▶ _DATASET RECORDS_:
[Start of section]

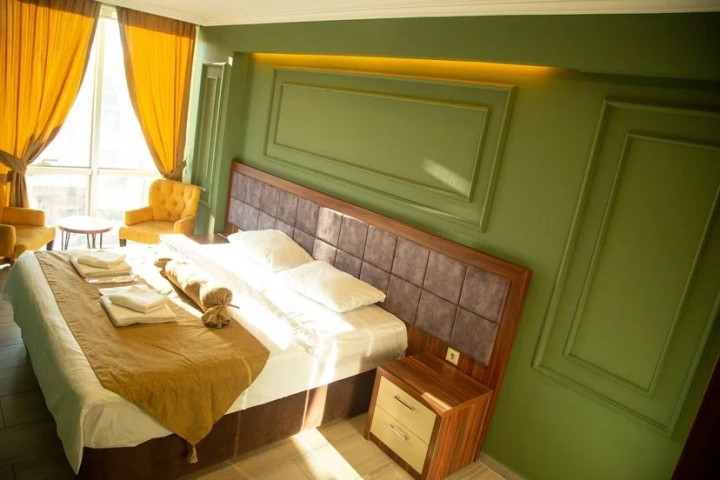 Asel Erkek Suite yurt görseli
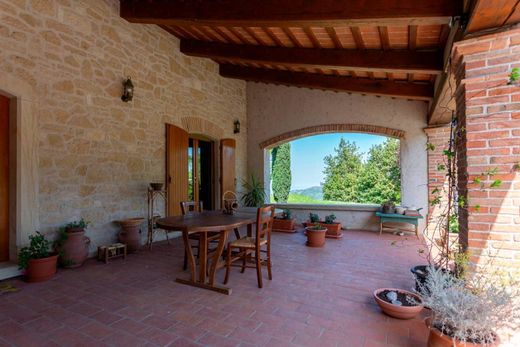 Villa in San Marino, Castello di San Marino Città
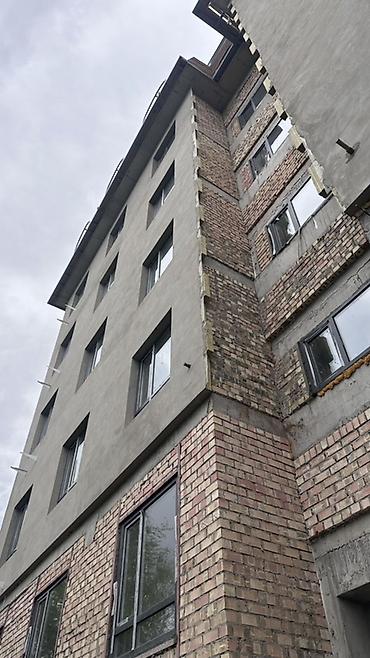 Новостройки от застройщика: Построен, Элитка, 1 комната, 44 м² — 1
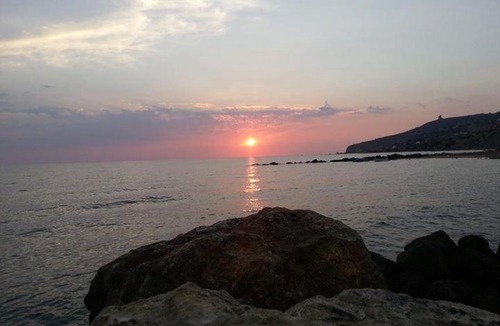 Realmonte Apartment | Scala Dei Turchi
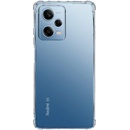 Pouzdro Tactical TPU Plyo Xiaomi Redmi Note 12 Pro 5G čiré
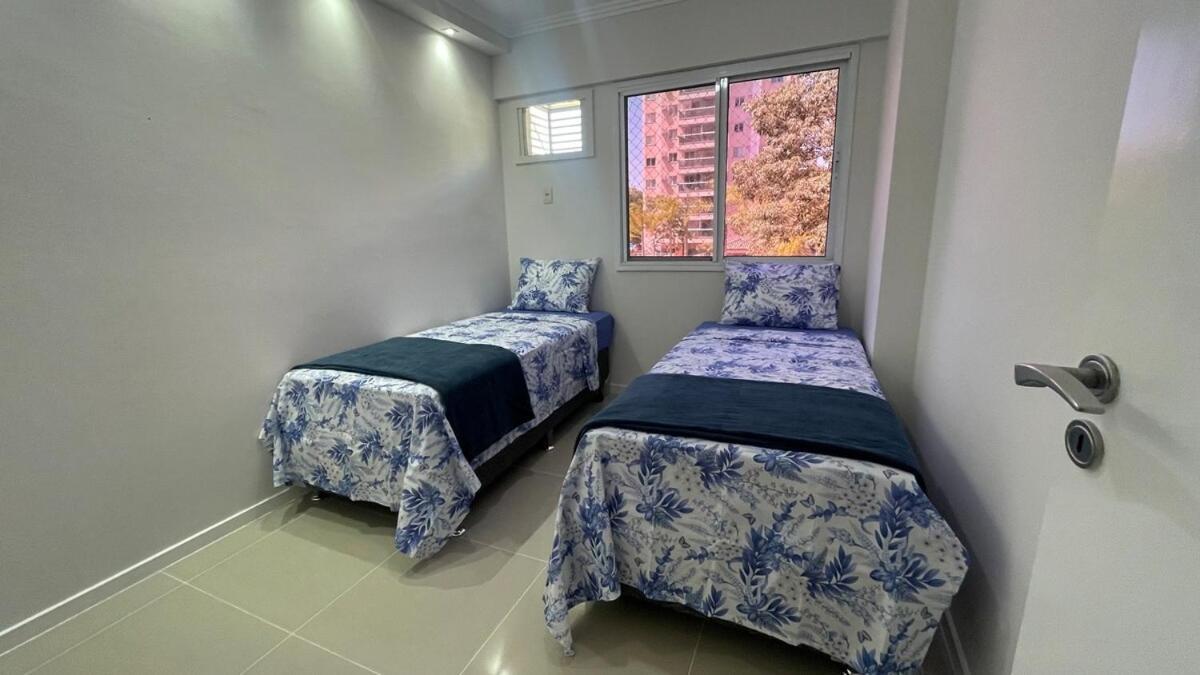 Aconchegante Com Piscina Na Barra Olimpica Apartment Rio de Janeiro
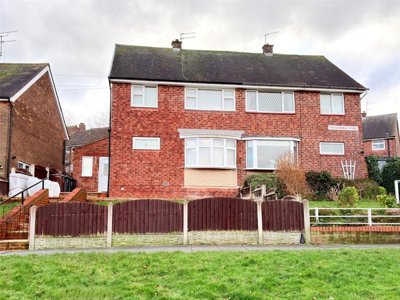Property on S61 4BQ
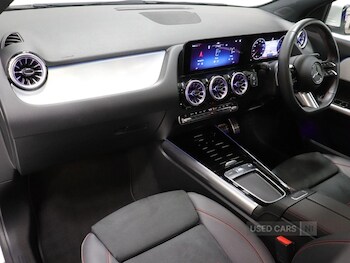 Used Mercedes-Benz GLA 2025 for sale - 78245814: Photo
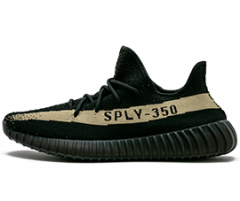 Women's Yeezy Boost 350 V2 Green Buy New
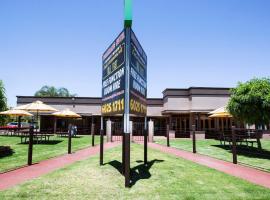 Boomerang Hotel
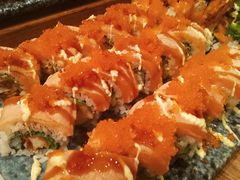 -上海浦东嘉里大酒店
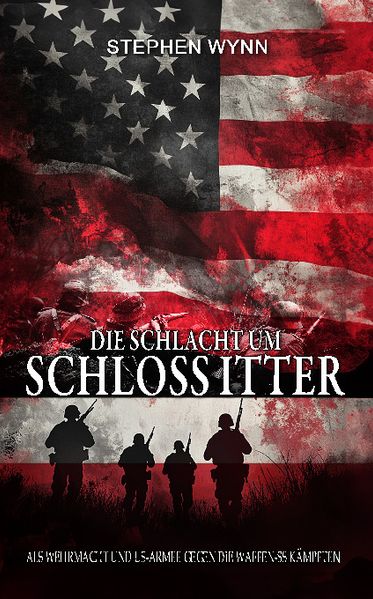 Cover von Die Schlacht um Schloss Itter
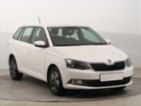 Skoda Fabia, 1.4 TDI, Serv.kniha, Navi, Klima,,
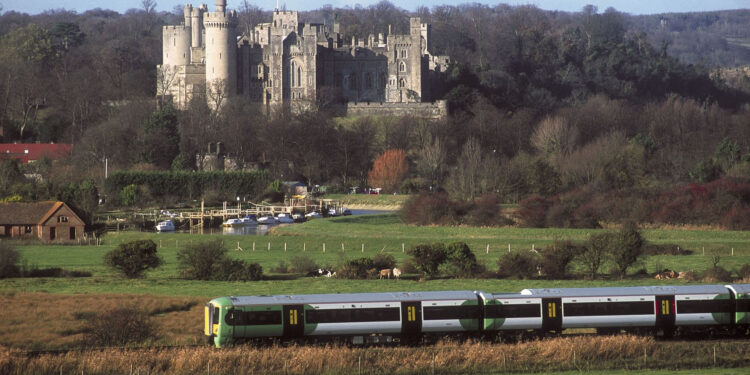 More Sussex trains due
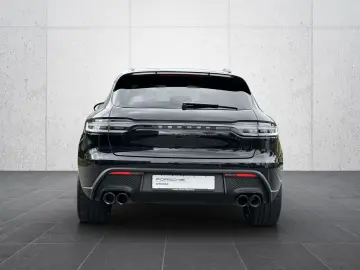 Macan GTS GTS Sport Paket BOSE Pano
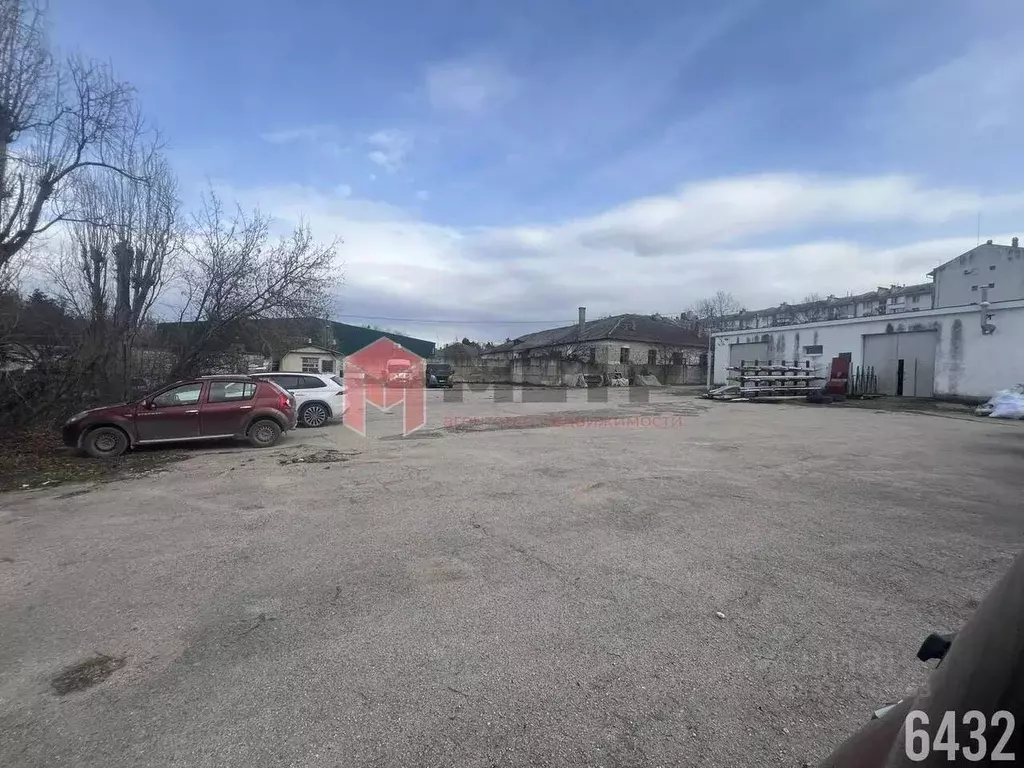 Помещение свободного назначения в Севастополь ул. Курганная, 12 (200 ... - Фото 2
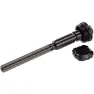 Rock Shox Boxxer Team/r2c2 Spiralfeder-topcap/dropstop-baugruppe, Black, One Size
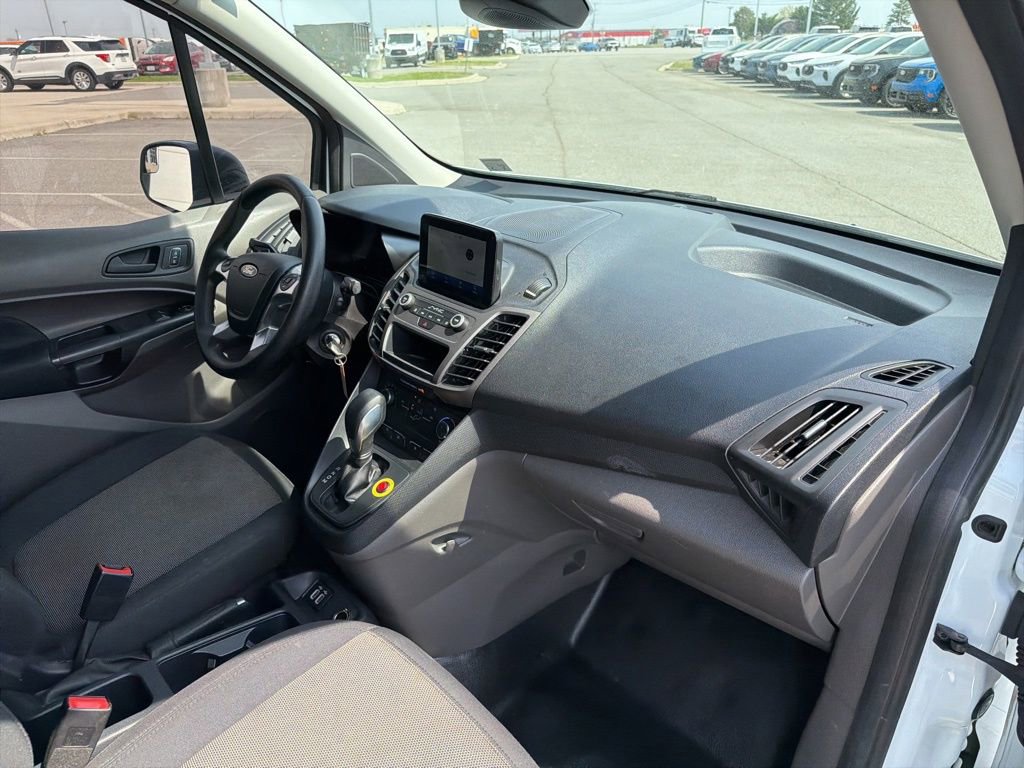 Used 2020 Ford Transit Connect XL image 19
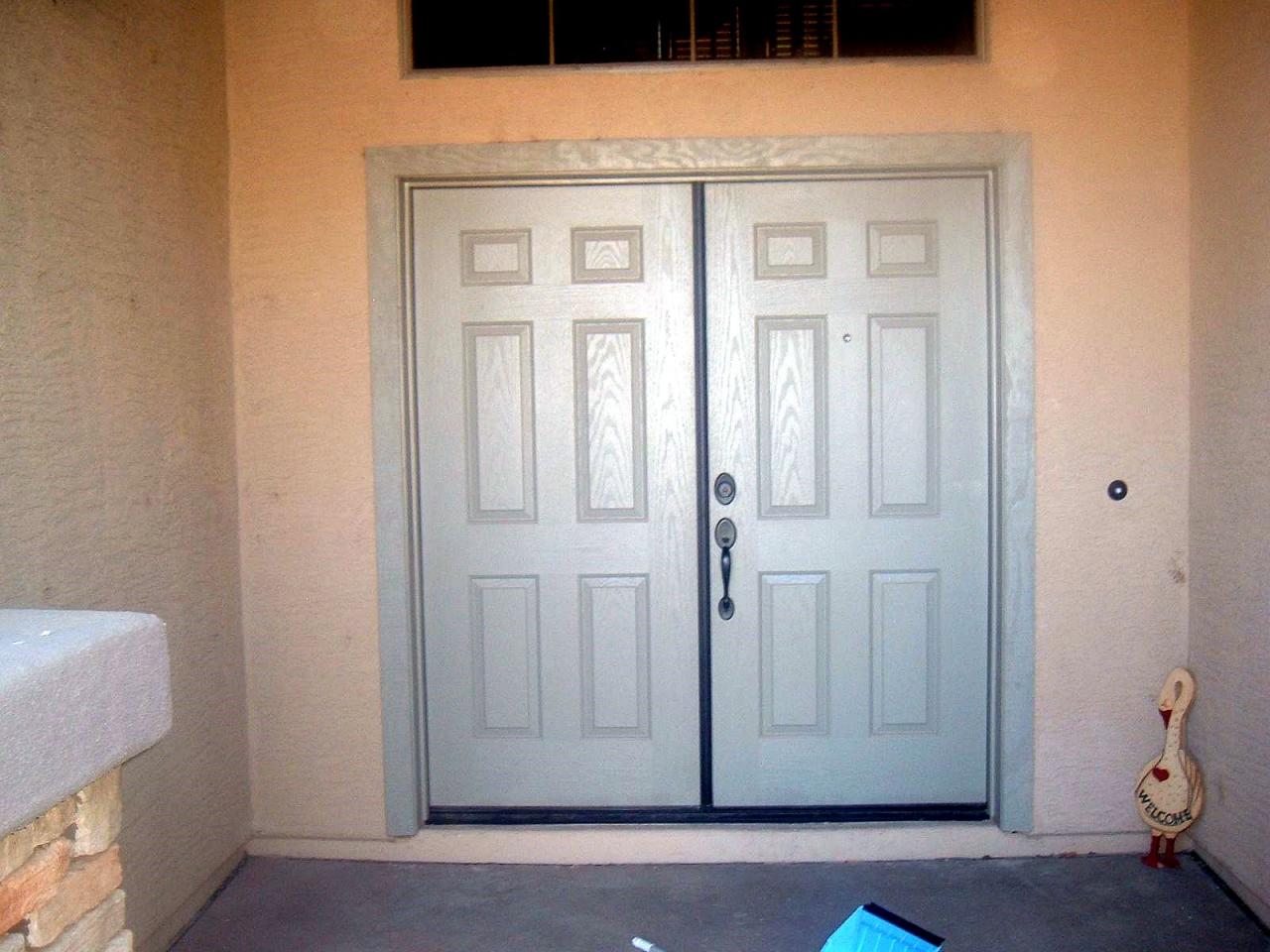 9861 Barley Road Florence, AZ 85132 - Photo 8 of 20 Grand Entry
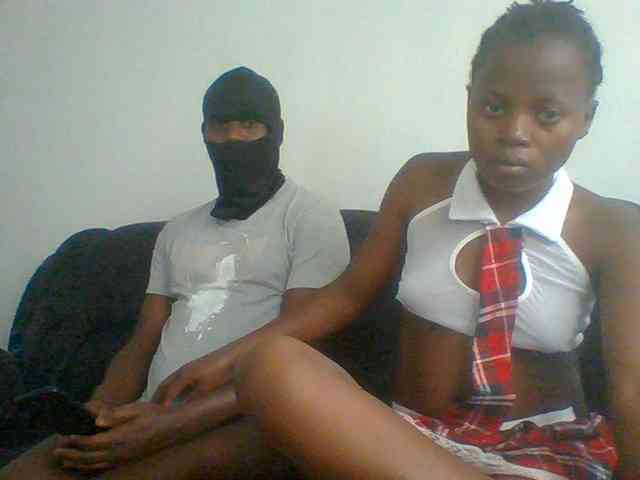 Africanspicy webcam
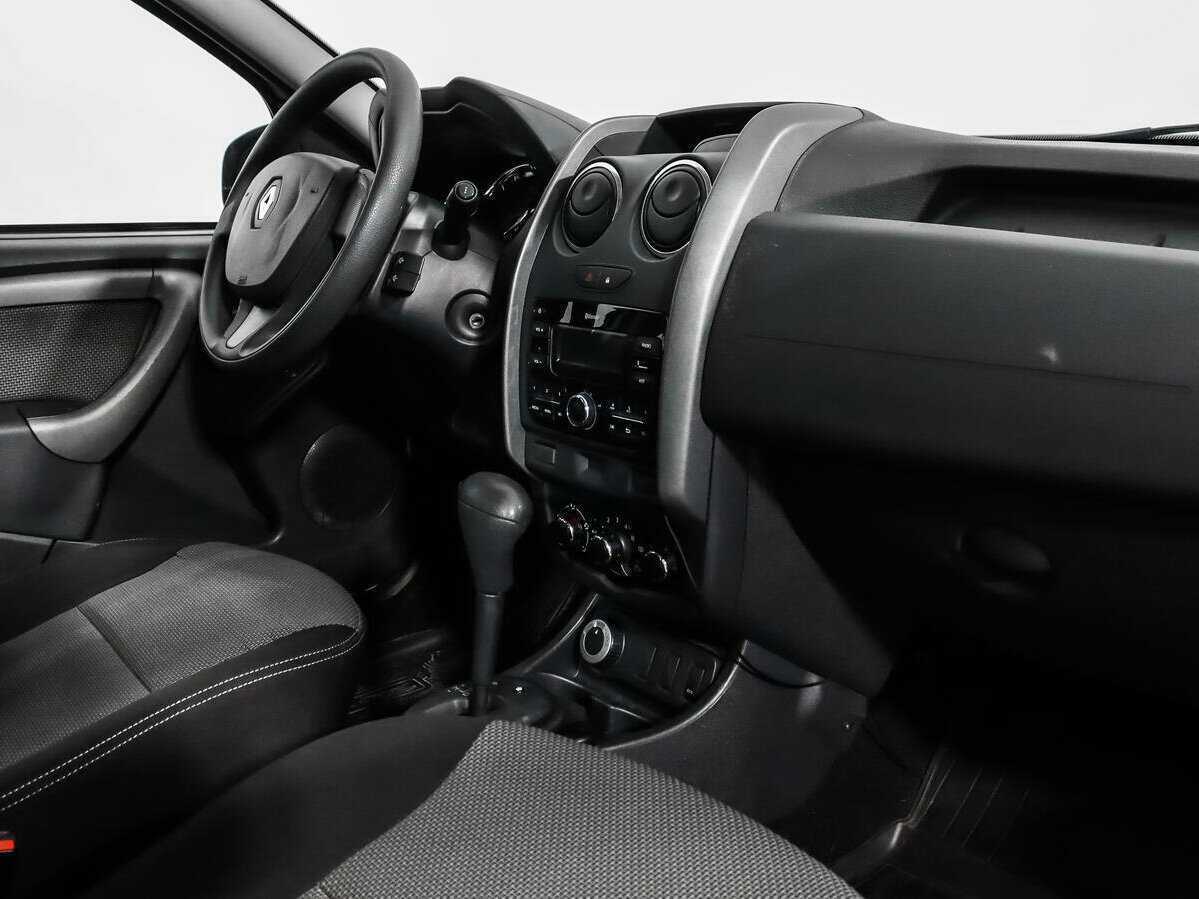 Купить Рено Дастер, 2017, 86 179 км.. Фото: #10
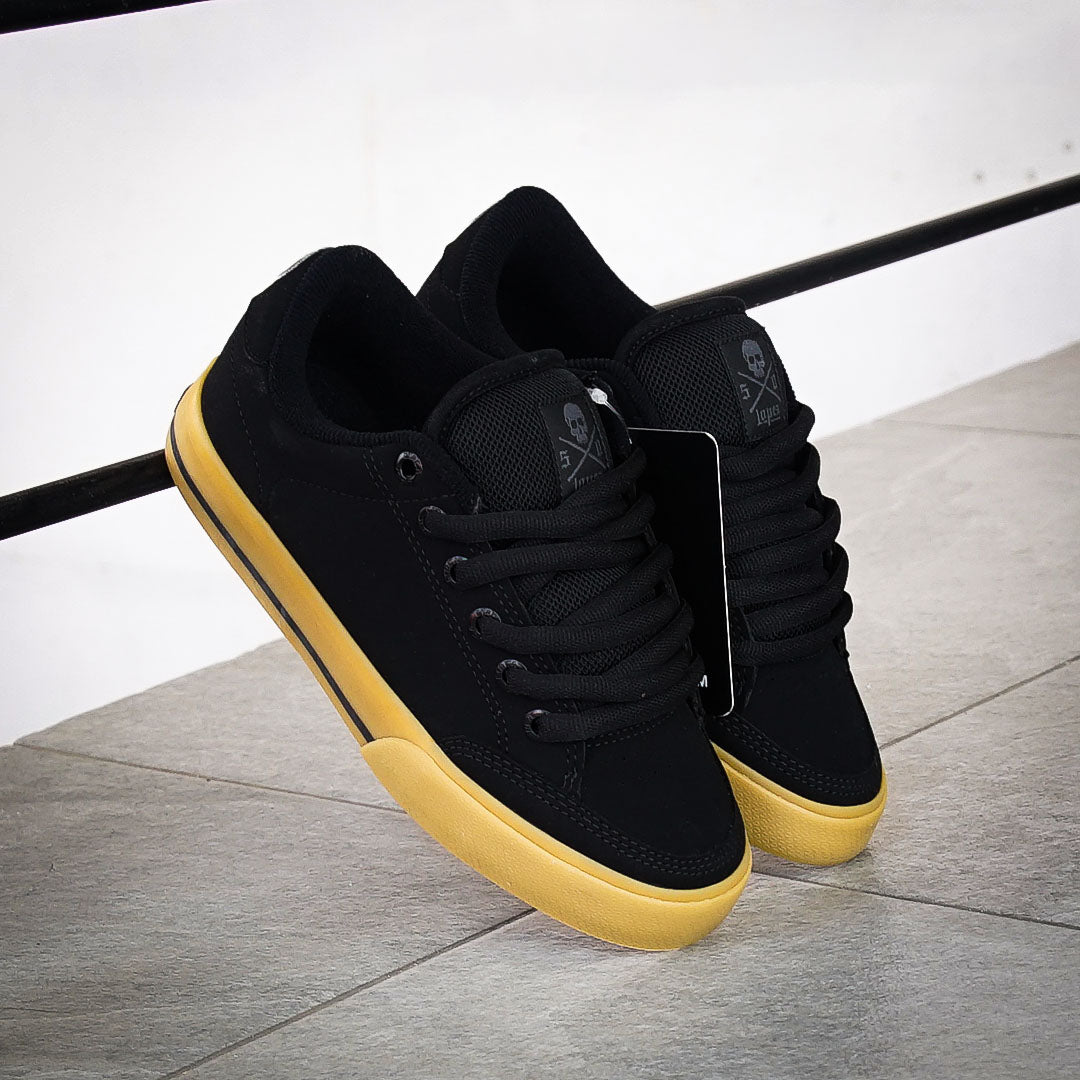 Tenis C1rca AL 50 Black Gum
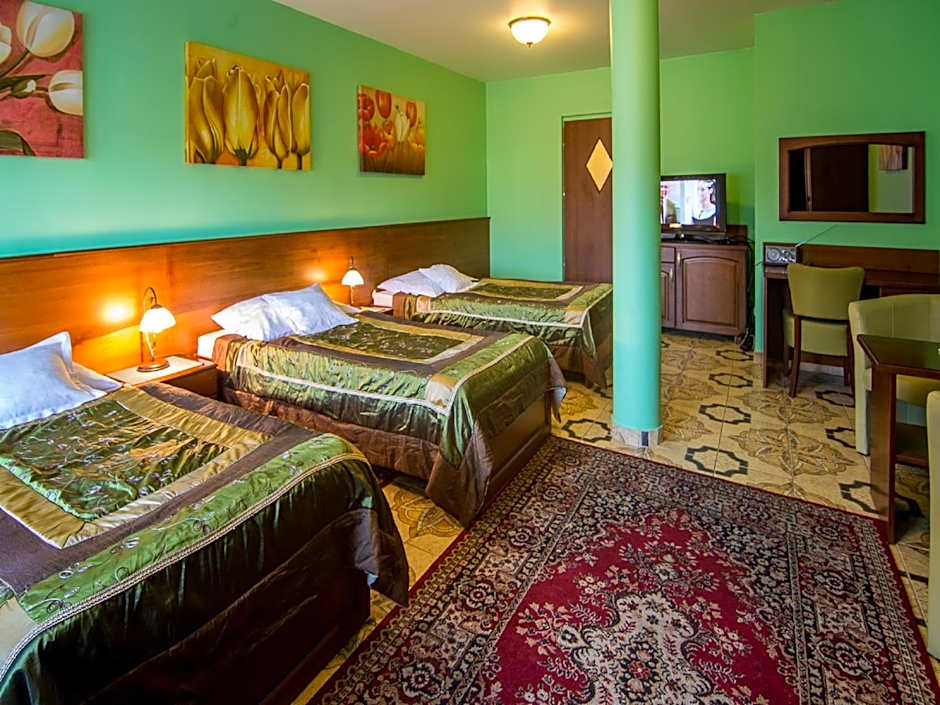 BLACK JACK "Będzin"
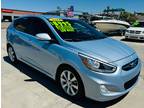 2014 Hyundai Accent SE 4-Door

[End of section]

▶ _WHAT TO DO_: Of the lines above, copy only those from the one holding "Новостройки от застройщика: Построен, Элитка, 1" to the one holding "Rock Shox Boxxer", both included, and exclude every image.

▶ _TASK RESPONSE_:
 Новостройки от застройщика: Построен, Элитка, 1 комната, 44 м² — 1
 Realmonte Apartment | Scala Dei Turchi
 Pouzdro Tactical TPU Plyo Xiaomi Redmi Note 12 Pro 5G čiré
 Aconchegante Com Piscina Na Barra Olimpica Apartment Rio de Janeiro
Property on S61 4BQ
 Used Mercedes-Benz GLA 2025 for sale - 78245814: Photo
 Women's Yeezy Boost 350 V2 Green Buy New
 Boomerang Hotel
 -上海浦东嘉里大酒店
 Cover von Die Schlacht um Schloss Itter
 Skoda Fabia, 1.4 TDI, Serv.kniha, Navi, Klima,,
 More Sussex trains due
 Macan GTS GTS Sport Paket BOSE Pano
 Помещение свободного назначения в Севастополь ул. Курганная, 12 (200 ... - Фото 2
 Rock Shox Boxxer Team/r2c2 Spiralfeder-topcap/dropstop-baugruppe, Black, One Size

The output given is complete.